(Collected data)
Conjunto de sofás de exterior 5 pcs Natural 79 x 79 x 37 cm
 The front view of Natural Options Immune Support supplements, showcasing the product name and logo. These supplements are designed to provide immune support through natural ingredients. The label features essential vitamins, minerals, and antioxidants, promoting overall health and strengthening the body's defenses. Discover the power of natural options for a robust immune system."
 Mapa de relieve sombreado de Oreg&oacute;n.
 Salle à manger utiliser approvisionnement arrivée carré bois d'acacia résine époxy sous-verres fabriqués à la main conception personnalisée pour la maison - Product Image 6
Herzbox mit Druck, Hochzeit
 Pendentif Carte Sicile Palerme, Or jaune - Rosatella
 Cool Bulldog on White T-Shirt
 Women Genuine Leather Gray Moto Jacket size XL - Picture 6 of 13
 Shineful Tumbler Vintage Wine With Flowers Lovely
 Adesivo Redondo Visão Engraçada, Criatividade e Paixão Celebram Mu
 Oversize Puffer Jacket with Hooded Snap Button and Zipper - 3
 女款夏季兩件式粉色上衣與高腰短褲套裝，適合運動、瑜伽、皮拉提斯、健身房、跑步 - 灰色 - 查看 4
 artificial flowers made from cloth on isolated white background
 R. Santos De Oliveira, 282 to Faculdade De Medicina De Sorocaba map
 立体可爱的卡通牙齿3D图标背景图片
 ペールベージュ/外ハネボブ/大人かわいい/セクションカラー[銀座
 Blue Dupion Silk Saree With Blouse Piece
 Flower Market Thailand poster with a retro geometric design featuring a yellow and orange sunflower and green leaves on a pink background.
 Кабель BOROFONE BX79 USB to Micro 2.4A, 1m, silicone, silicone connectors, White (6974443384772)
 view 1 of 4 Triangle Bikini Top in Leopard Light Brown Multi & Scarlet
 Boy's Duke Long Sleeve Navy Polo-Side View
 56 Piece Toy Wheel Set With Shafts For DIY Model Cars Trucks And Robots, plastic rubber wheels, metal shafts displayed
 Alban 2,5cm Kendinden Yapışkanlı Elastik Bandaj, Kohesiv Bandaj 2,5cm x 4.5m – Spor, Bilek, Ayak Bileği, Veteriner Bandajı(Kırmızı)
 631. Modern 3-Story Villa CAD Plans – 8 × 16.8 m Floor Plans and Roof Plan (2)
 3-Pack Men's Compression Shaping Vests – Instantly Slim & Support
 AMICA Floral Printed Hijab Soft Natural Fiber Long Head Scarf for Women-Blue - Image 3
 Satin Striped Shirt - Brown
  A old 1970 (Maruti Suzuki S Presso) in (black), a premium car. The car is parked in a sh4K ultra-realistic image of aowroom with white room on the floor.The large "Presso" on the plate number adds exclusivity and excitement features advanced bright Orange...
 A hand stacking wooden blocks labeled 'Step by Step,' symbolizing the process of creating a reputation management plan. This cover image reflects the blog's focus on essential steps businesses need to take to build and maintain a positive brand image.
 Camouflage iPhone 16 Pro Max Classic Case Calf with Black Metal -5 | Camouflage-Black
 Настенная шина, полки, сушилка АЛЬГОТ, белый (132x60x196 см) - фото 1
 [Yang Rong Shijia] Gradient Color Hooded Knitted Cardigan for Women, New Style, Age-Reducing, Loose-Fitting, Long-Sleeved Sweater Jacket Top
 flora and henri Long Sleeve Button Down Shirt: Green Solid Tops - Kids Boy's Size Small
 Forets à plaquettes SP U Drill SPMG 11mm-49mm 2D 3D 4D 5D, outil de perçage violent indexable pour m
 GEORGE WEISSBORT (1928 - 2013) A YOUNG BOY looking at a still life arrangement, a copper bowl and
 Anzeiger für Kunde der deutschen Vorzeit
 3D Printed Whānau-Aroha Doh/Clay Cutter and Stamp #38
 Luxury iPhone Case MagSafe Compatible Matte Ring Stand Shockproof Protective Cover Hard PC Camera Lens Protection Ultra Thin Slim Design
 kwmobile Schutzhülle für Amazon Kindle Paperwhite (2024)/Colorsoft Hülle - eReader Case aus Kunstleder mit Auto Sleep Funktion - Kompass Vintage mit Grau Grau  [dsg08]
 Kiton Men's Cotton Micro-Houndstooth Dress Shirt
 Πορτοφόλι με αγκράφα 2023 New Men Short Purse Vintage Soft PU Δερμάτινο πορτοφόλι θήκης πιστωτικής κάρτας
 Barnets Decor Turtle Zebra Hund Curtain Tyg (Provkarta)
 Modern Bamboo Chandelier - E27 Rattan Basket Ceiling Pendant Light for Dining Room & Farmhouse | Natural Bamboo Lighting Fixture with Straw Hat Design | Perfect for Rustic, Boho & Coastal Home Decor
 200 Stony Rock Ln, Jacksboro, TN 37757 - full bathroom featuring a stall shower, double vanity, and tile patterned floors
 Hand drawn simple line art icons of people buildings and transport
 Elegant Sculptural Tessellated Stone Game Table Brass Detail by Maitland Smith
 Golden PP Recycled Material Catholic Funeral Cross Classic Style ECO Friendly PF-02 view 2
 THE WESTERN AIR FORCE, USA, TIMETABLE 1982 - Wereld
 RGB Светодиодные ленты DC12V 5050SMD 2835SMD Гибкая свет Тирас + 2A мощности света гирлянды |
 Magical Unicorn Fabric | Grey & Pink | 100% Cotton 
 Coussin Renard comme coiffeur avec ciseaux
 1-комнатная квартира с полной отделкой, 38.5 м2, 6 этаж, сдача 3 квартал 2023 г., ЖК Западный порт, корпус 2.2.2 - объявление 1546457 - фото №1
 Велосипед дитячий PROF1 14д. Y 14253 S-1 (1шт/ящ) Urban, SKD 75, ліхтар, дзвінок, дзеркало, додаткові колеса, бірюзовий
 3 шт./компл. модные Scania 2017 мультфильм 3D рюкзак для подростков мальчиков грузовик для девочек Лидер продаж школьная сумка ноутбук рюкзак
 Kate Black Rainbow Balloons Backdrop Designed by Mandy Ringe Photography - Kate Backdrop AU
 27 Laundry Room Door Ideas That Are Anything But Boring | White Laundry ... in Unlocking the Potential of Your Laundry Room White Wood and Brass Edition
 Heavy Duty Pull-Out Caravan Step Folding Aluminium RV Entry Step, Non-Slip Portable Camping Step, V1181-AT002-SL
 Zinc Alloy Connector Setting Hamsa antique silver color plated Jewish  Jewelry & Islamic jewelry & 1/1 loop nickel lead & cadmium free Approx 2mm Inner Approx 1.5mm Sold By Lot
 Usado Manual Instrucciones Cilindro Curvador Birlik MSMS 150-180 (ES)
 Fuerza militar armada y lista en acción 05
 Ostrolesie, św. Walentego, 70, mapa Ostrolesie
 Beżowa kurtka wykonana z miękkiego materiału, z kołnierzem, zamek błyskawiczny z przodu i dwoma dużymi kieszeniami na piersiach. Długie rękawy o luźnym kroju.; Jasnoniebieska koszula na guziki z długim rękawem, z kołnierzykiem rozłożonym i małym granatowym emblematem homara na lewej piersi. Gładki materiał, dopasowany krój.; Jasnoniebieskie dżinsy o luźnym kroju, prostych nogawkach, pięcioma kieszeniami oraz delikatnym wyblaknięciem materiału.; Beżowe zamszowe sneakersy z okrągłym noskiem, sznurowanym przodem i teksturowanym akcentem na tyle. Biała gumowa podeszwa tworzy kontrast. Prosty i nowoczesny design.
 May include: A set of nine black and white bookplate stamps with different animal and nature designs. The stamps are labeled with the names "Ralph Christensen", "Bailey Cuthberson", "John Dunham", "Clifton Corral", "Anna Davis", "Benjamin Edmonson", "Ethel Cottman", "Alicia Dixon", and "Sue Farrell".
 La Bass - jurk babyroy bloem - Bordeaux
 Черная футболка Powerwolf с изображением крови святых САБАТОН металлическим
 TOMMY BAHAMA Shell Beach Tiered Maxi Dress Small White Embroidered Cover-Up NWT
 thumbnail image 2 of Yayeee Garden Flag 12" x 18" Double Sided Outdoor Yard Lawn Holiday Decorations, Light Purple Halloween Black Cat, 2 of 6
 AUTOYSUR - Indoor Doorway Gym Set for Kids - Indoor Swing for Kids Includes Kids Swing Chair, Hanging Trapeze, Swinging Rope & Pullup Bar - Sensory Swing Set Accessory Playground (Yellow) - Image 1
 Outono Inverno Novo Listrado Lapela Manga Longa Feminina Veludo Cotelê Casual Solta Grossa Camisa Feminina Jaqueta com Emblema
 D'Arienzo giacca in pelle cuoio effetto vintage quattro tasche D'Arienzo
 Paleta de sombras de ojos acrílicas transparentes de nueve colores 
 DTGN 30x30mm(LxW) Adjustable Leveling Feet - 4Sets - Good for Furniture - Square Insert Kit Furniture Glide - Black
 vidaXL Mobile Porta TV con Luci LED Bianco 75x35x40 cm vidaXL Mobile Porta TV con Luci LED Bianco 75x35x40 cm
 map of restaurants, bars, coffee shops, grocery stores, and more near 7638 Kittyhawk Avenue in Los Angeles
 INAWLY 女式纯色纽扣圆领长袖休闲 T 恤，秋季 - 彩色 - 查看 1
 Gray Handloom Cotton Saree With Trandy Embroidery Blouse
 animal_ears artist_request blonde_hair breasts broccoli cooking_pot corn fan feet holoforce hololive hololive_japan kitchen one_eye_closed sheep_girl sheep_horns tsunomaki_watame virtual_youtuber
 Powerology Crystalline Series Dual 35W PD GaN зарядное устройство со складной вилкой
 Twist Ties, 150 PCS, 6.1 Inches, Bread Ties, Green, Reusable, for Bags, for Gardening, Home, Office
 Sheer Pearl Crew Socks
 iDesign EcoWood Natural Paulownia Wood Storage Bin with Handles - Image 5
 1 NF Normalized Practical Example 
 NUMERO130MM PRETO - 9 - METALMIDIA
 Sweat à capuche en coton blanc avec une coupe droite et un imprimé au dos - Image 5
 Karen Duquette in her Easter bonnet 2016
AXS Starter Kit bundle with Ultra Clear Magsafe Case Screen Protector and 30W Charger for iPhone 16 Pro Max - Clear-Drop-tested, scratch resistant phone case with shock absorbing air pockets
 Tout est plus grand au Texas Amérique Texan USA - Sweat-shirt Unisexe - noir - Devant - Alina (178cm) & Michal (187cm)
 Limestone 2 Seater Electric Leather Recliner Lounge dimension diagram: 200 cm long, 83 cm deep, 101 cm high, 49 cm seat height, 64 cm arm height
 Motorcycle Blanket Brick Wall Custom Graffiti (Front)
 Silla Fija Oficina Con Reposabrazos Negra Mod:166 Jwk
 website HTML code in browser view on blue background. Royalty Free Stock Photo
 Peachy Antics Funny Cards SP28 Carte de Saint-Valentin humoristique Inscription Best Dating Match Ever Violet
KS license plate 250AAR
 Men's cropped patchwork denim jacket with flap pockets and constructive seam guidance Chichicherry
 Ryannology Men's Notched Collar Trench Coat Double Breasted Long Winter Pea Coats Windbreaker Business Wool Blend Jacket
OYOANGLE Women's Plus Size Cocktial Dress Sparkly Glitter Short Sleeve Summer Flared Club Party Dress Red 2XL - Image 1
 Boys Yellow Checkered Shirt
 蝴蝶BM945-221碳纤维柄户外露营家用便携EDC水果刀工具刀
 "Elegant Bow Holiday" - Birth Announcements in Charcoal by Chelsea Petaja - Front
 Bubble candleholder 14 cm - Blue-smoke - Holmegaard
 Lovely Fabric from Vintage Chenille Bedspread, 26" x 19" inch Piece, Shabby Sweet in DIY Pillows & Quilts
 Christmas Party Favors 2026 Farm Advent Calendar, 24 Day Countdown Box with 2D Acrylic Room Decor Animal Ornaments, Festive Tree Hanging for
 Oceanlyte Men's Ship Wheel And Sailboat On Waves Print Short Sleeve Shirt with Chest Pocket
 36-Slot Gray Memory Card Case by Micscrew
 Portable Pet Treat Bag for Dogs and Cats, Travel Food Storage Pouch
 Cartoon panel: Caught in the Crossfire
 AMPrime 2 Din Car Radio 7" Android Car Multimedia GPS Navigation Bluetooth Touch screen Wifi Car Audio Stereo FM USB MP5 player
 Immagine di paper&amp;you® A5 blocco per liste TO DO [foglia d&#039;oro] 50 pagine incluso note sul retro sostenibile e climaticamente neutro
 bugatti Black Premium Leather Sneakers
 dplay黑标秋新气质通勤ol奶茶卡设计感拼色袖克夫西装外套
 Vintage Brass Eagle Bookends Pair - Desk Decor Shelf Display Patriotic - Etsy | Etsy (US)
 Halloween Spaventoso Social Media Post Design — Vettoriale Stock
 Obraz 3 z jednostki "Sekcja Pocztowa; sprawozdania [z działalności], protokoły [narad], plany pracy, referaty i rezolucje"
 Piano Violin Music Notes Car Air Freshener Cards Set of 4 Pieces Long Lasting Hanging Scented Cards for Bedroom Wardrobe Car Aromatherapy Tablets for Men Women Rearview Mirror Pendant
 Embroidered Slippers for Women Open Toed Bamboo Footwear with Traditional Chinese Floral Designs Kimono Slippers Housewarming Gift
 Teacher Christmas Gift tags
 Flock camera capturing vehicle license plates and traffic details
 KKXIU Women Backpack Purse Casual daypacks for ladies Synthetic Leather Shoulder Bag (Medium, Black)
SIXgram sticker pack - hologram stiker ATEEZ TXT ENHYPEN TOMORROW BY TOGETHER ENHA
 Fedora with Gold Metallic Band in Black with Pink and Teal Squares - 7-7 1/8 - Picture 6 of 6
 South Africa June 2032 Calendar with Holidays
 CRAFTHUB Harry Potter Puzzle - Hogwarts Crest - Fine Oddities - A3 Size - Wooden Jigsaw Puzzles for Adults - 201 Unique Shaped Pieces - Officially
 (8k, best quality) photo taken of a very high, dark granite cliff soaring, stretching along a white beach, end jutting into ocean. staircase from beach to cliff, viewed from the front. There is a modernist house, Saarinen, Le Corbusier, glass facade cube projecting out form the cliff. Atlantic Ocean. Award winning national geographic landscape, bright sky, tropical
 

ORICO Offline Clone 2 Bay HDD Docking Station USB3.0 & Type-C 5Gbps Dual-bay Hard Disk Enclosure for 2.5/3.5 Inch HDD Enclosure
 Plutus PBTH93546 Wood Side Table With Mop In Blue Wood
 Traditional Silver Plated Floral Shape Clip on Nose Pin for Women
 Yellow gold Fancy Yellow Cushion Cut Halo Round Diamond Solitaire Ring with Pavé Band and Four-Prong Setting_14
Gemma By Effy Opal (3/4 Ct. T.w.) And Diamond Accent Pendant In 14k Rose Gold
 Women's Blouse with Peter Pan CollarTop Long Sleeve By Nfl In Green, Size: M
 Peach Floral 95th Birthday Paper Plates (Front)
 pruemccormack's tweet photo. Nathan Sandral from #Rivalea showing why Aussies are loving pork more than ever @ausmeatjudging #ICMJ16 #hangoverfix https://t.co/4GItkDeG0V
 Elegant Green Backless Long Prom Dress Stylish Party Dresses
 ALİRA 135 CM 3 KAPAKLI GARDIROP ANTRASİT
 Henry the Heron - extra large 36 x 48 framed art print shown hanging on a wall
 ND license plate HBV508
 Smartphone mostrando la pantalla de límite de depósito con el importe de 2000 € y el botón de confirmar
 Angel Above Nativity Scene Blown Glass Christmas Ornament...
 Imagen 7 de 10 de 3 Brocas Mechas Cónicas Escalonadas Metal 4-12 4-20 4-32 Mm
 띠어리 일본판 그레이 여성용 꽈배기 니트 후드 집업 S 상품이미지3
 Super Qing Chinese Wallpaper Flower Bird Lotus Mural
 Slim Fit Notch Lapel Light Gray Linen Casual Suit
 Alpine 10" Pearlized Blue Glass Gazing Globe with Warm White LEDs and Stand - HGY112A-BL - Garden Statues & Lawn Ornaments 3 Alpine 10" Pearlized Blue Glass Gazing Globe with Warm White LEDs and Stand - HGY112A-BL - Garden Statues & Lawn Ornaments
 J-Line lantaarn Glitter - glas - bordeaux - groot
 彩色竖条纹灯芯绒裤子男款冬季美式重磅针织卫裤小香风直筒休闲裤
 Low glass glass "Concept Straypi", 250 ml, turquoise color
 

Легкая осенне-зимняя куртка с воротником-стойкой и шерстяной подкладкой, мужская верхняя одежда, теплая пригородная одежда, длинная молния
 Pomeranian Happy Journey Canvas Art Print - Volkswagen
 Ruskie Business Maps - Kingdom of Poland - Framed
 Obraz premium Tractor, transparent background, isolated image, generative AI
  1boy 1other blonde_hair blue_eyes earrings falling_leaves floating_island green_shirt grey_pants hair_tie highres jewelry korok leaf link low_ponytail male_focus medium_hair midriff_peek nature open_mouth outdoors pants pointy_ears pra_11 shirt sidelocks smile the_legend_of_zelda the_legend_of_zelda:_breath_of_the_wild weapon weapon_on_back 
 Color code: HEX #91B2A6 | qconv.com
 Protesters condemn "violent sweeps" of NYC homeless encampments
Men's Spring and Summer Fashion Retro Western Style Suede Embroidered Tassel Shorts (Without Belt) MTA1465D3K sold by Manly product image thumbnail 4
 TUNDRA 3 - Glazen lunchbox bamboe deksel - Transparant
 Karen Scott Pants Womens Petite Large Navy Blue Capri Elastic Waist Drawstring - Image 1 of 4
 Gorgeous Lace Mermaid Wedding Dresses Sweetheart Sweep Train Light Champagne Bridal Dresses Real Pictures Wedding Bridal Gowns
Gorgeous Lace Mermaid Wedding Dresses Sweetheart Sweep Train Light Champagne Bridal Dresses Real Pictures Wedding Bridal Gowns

(What you should do)
Look above for the line with "Кабель BOROFONE BX79" and the line with "Luxury iPhone Case". Write out those two lines and all the lines between them, exactly, and no others.

(Expected answer)
 Кабель BOROFONE BX79 USB to Micro 2.4A, 1m, silicone, silicone connectors, White (6974443384772)
 view 1 of 4 Triangle Bikini Top in Leopard Light Brown Multi & Scarlet
 Boy's Duke Long Sleeve Navy Polo-Side View
 56 Piece Toy Wheel Set With Shafts For DIY Model Cars Trucks And Robots, plastic rubber wheels, metal shafts displayed
 Alban 2,5cm Kendinden Yapışkanlı Elastik Bandaj, Kohesiv Bandaj 2,5cm x 4.5m – Spor, Bilek, Ayak Bileği, Veteriner Bandajı(Kırmızı)
 631. Modern 3-Story Villa CAD Plans – 8 × 16.8 m Floor Plans and Roof Plan (2)
 3-Pack Men's Compression Shaping Vests – Instantly Slim & Support
 AMICA Floral Printed Hijab Soft Natural Fiber Long Head Scarf for Women-Blue - Image 3
 Satin Striped Shirt - Brown
  A old 1970 (Maruti Suzuki S Presso) in (black), a premium car. The car is parked in a sh4K ultra-realistic image of aowroom with white room on the floor.The large "Presso" on the plate number adds exclusivity and excitement features advanced bright Orange...
 A hand stacking wooden blocks labeled 'Step by Step,' symbolizing the process of creating a reputation management plan. This cover image reflects the blog's focus on essential steps businesses need to take to build and maintain a positive brand image.
 Camouflage iPhone 16 Pro Max Classic Case Calf with Black Metal -5 | Camouflage-Black
 Настенная шина, полки, сушилка АЛЬГОТ, белый (132x60x196 см) - фото 1
 [Yang Rong Shijia] Gradient Color Hooded Knitted Cardigan for Women, New Style, Age-Reducing, Loose-Fitting, Long-Sleeved Sweater Jacket Top
 flora and henri Long Sleeve Button Down Shirt: Green Solid Tops - Kids Boy's Size Small
 Forets à plaquettes SP U Drill SPMG 11mm-49mm 2D 3D 4D 5D, outil de perçage violent indexable pour m
 GEORGE WEISSBORT (1928 - 2013) A YOUNG BOY looking at a still life arrangement, a copper bowl and
 Anzeiger für Kunde der deutschen Vorzeit
 3D Printed Whānau-Aroha Doh/Clay Cutter and Stamp #38
 Luxury iPhone Case MagSafe Compatible Matte Ring Stand Shockproof Protective Cover Hard PC Camera Lens Protection Ultra Thin Slim Design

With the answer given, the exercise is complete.